**YOUR OBJECTIVE:**
Give the records again. Keep them exact and leave out the images.
-------- EXTRACTED DATA --------
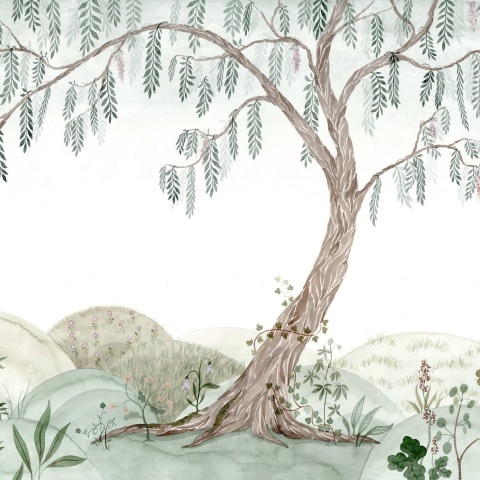 Fototapet, Dreamy Tree, Light Green, Rebel Walls - Img 2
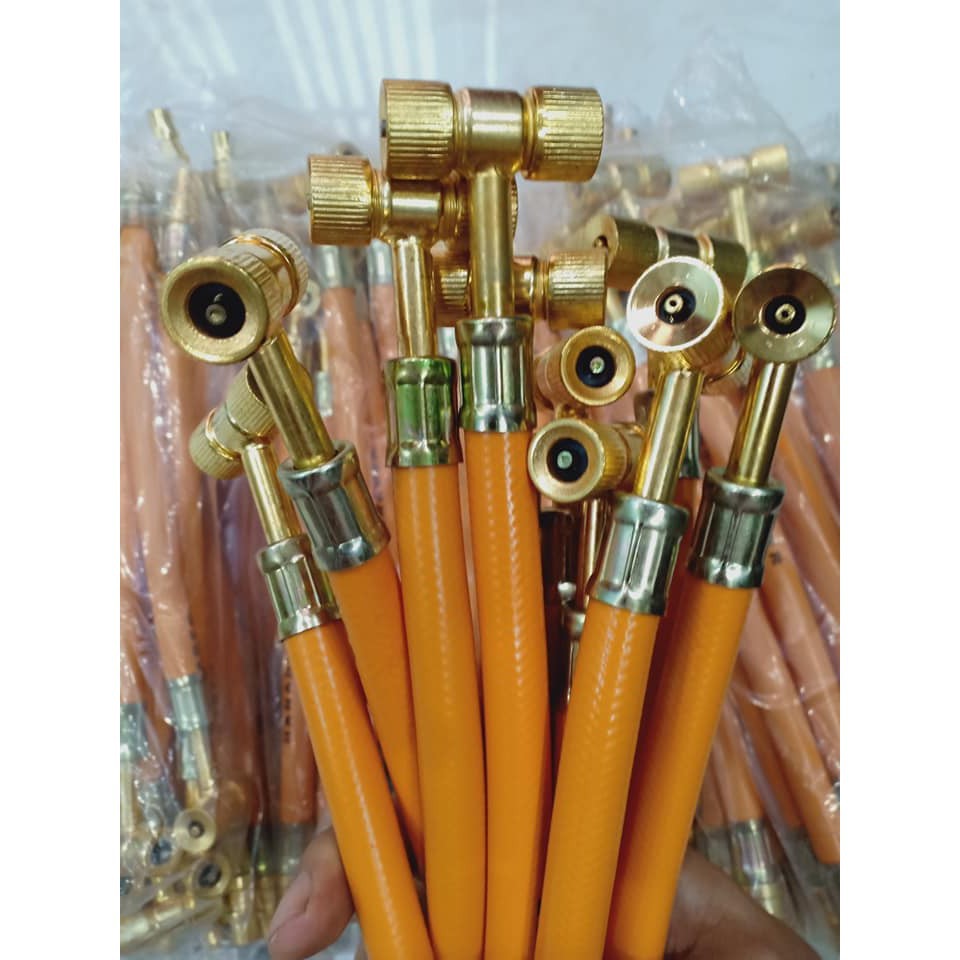 Đầu dắt bơm hơi dành cho ô tô, xe máy loại màu vàng 2 đầu bơm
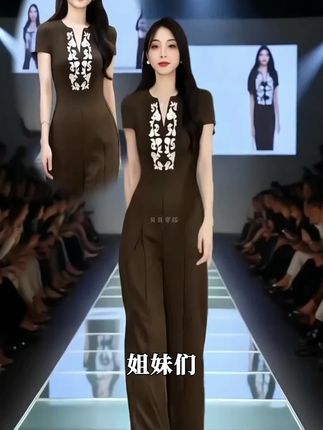 阔腿连体裤女夏修身气质高端大气上档次减龄巨好看连衣裤D3025
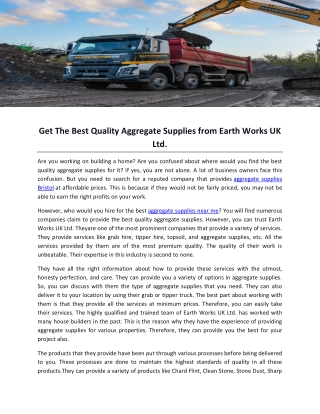 Get The Best Quality Aggregate Supplies from Earth Works UK Ltd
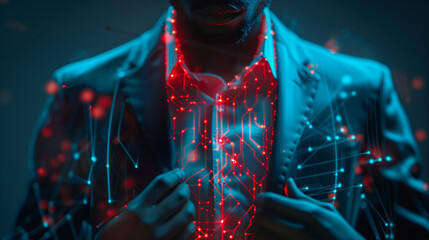 Poster - Businessman with glowing digital network on suit in dark background.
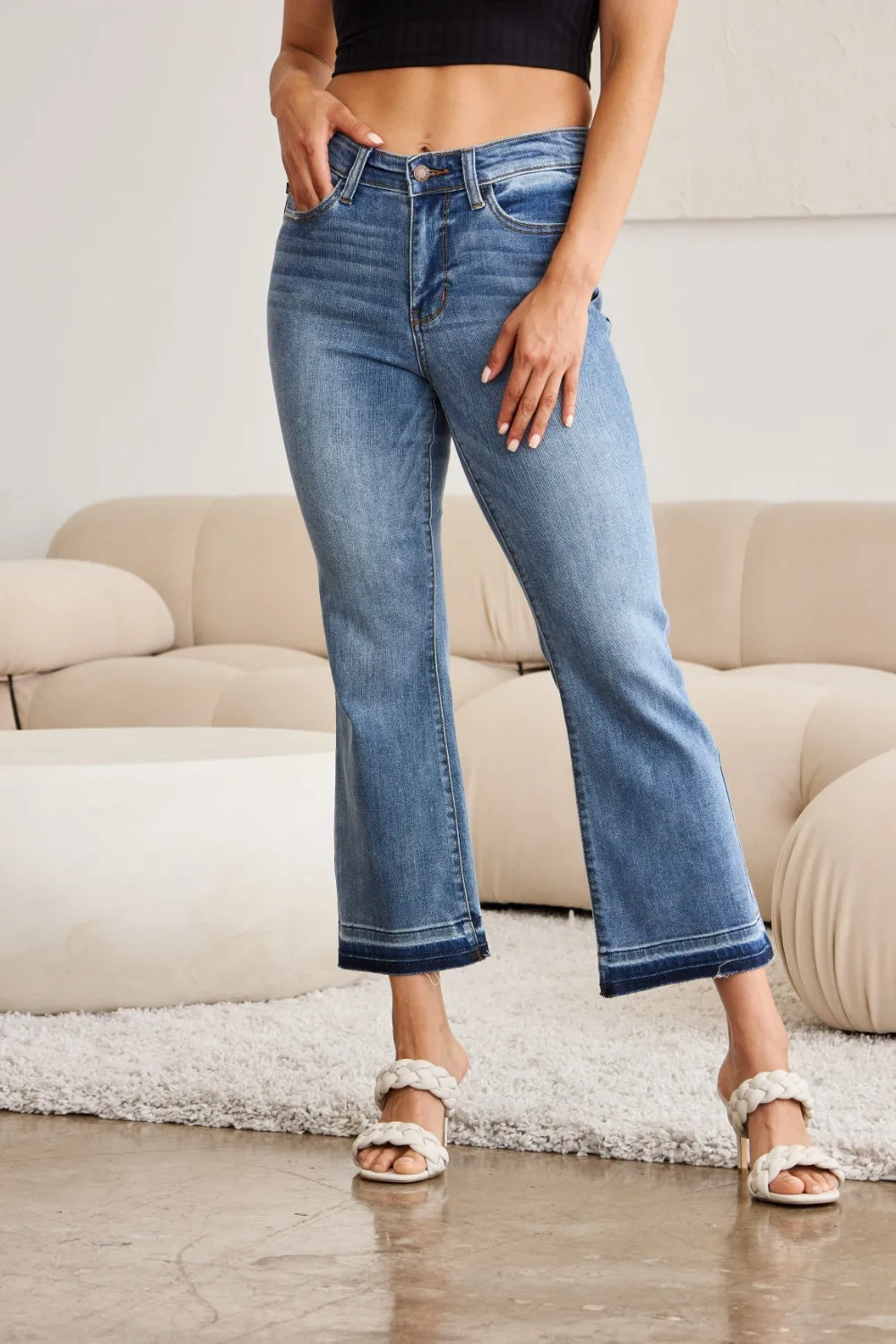 Hazel Blues® |  Judy Blue Release Hem Cropped Bootcut Jeans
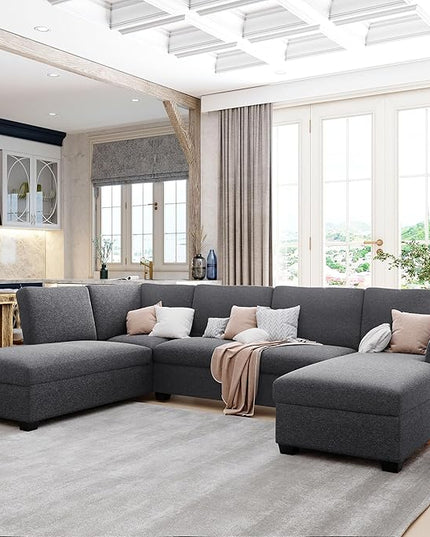 116.9" Modern Large U-Shape Sectional Sofa with Double Extra Wide Chaise Lounge, 4 Seat Oversized Upholstered Couch for Apartment, Home, Office, Living Room Furniture, Gray, 116.9 Inch - LeafyLoom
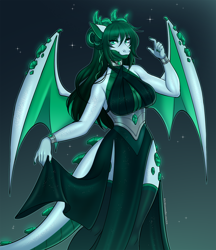 Size: 1200x1388 | Tagged: safe, artist:kitsunewaffles, oc, oc only, dragon, fictional species, anthro, 2024, belly button, bottomwear, breasts, clothes, commission, digital art, dragon wings, dragoness, dress, ears, eyelashes, female, hair, horns, looking at you, scales, simple background, solo, solo female, tail, thighs, wide hips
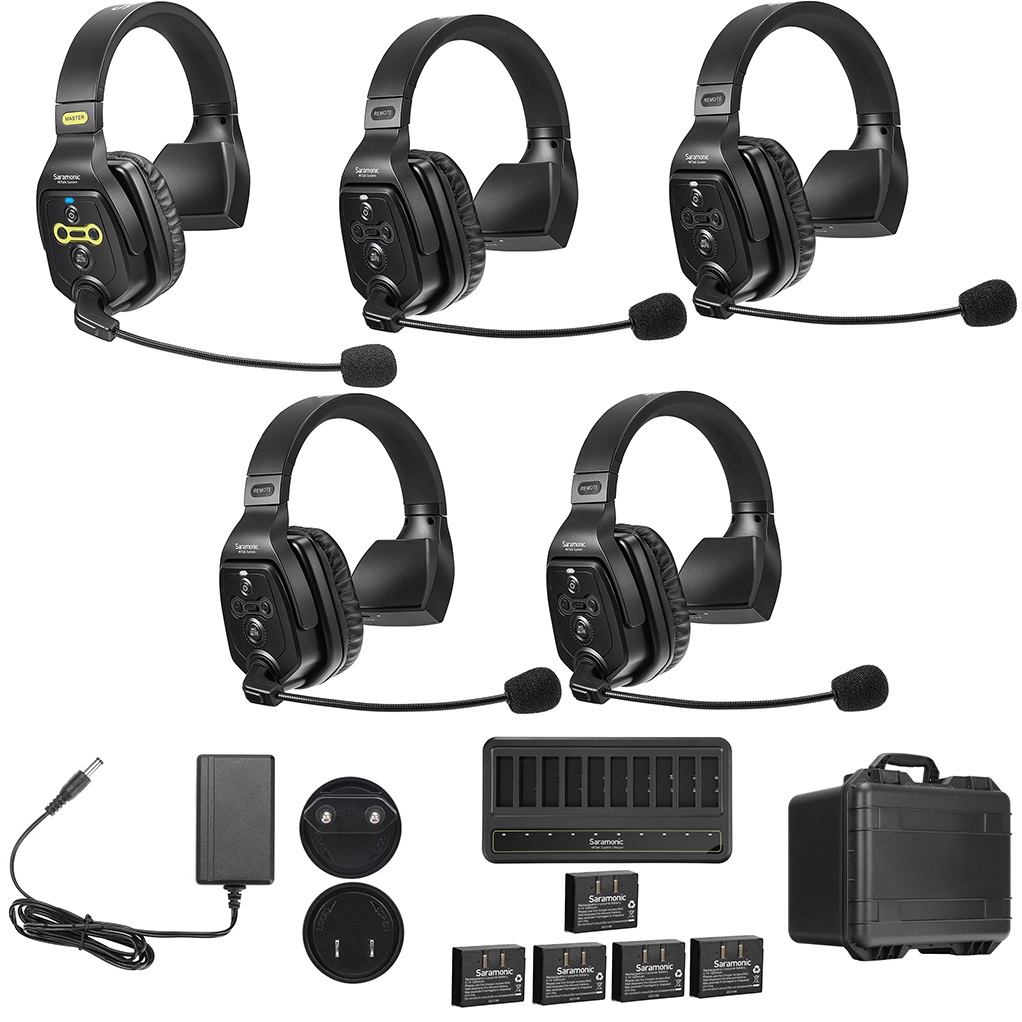 SARAMONIC WITALK WT5S SISTEMA 5 CUFFIE FULL-DUPLEX WIRELESS INTERCOM SYSTEM 1 9GHZ BASE RICARICA E CUSTODIA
--------
**THE ANSWER:**
 Fototapet, Dreamy Tree, Light Green, Rebel Walls - Img 2
 Đầu dắt bơm hơi dành cho ô tô, xe máy loại màu vàng 2 đầu bơm
 阔腿连体裤女夏修身气质高端大气上档次减龄巨好看连衣裤D3025
 Get The Best Quality Aggregate Supplies from Earth Works UK Ltd
 Poster - Businessman with glowing digital network on suit in dark background.
 Hazel Blues® |  Judy Blue Release Hem Cropped Bootcut Jeans
 116.9" Modern Large U-Shape Sectional Sofa with Double Extra Wide Chaise Lounge, 4 Seat Oversized Upholstered Couch for Apartment, Home, Office, Living Room Furniture, Gray, 116.9 Inch - LeafyLoom
 Size: 1200x1388 | Tagged: safe, artist:kitsunewaffles, oc, oc only, dragon, fictional species, anthro, 2024, belly button, bottomwear, breasts, clothes, commission, digital art, dragon wings, dragoness, dress, ears, eyelashes, female, hair, horns, looking at you, scales, simple background, solo, solo female, tail, thighs, wide hips
 SARAMONIC WITALK WT5S SISTEMA 5 CUFFIE FULL-DUPLEX WIRELESS INTERCOM SYSTEM 1 9GHZ BASE RICARICA E CUSTODIA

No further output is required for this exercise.